[NCLUG] Re: "Green" power
John L. Bass
jbass at dmsd.com
Sat Sep 13 13:01:38 MDT 2008
Matt Taggart wrote:
>> On Sat, Sep 13, 2008 at 2:43 AM, Sean Reifschneider <jafo at tummy.com> wrote:
>>
>>
>>> You're also forgetting that at least half the year we need heating around
>>> here, and a computer that is running F at H is almost 100% efficient at
>>> converting electricity into heat. That's heat that your furnace doesn't
>>> need to generate. So half the year it probably doesn't make sense even
>>> from a conservation standpoint.
>>>
>> I would seriously encourage you to get a new power supply. Mine only
>> converts abut 15% to heat with the rest being used to power the computer. :)
>>
>
> .... which then goes to heat. (that's what that big heat sink is for)
>
> http://en.wikipedia.org/wiki/Conservation_of_energy
>
> or maybe you were making a joke?
>
>
I don't think it was a joke, but rather a very poor understanding of the
environmental effects.
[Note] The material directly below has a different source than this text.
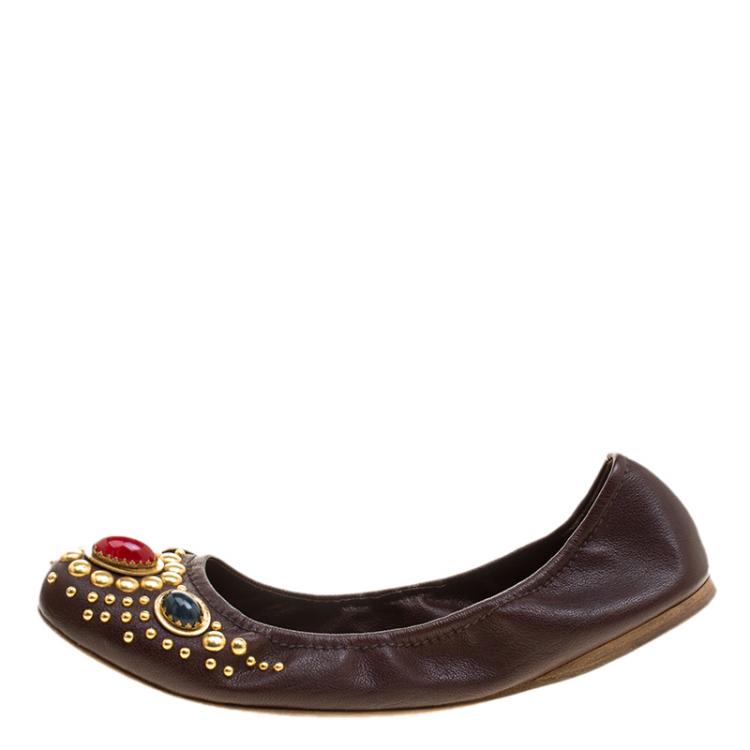 Pre Owned Miu Miu Brown Leather Stone Embellished Ballet Flats Size 42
Resistive electric heat is VERY inefficient, in
that a heat pump using the same amount of electricity will provide
several times the amount of heat into the building. Computers are just
another resistive heat source, like a portable heater, or baseboard
heater ... all of which cost several times what a heat pump costs for
heating.
The "clean" electric heat, isn't clean ... read my other post about how
dirty coal plants are, which the the most common electric generation
source in this area.
Consider that many folks run the distributed computing clients during
the summer months with their air conditioning active ... making the
environmental costs of these desk top systems several times worse when
you add the extra energy for cooling a home, business, or machine room.